**How to complete this task**
Write out the entire listing below exactly, with the pictures left out.
#####
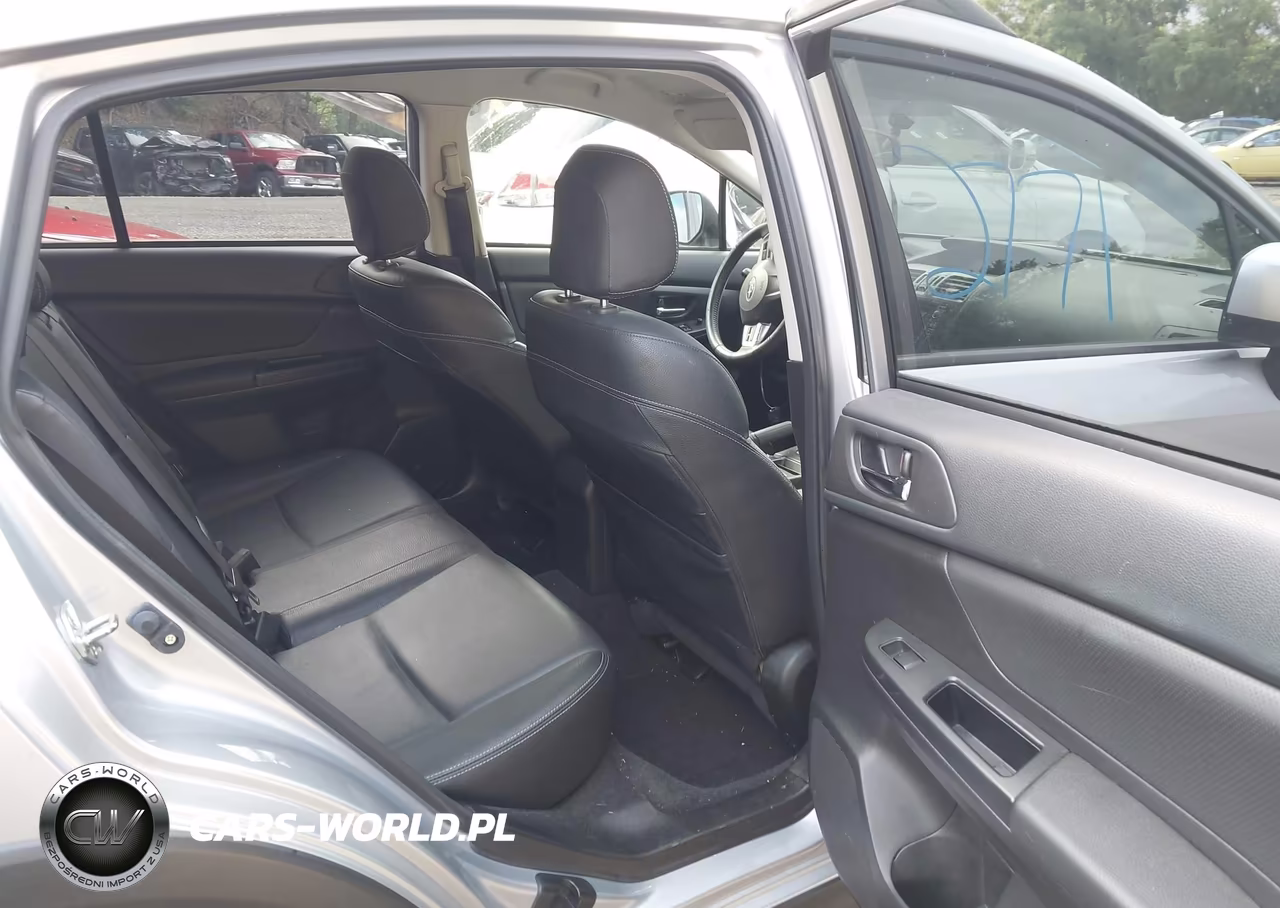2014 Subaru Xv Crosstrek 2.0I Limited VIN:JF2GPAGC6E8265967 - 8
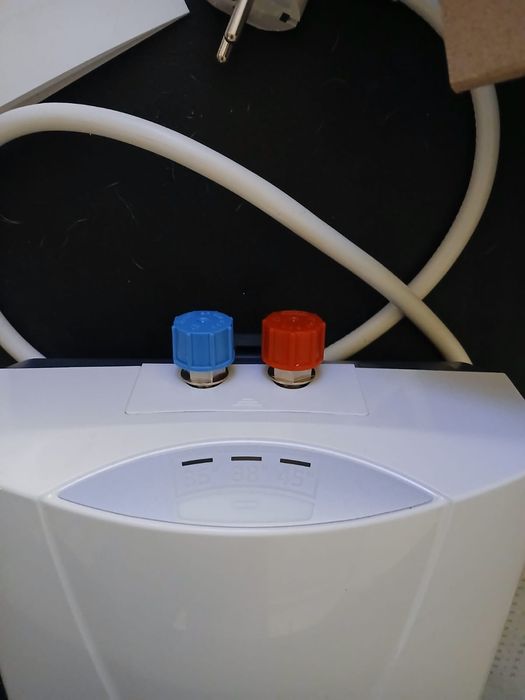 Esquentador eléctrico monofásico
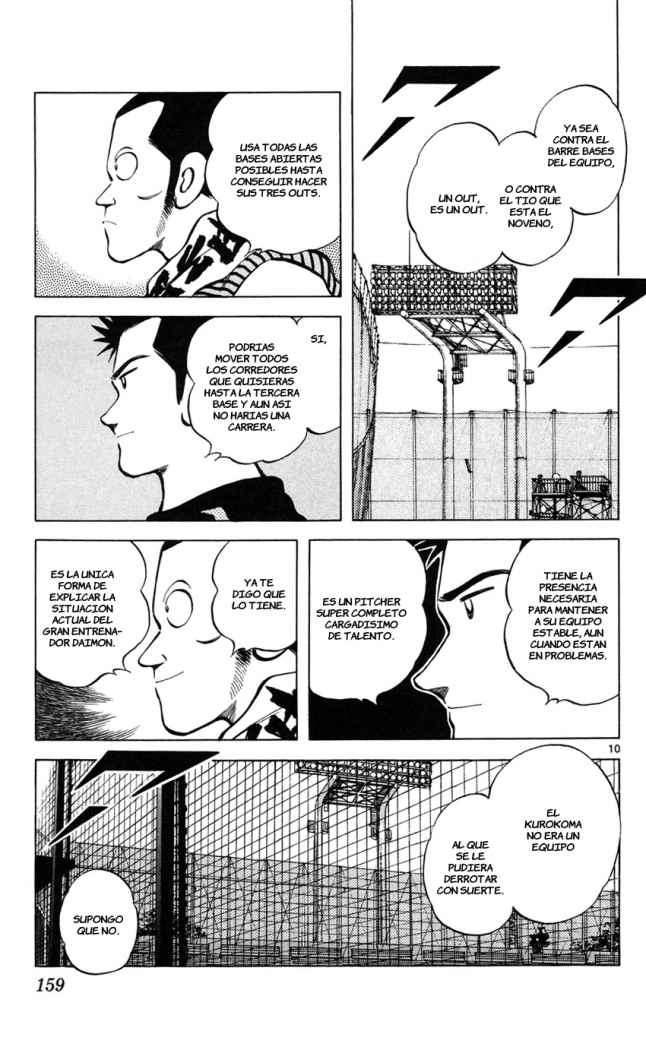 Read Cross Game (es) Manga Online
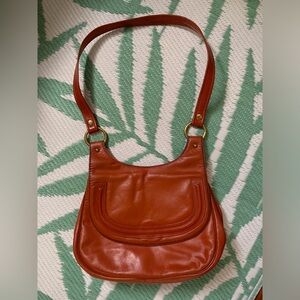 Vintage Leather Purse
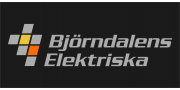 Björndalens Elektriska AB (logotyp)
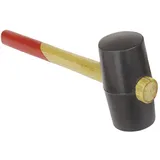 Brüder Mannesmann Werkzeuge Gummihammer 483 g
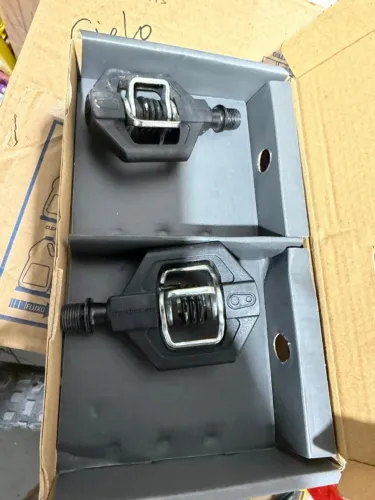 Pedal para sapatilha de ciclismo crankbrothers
#####
**The answer**
2014 Subaru Xv Crosstrek 2.0I Limited VIN:JF2GPAGC6E8265967 - 8
 Esquentador eléctrico monofásico
 Read Cross Game (es) Manga Online
 Vintage Leather Purse
 Björndalens Elektriska AB (logotyp)
 Brüder Mannesmann Werkzeuge Gummihammer 483 g
 Pedal para sapatilha de ciclismo crankbrothers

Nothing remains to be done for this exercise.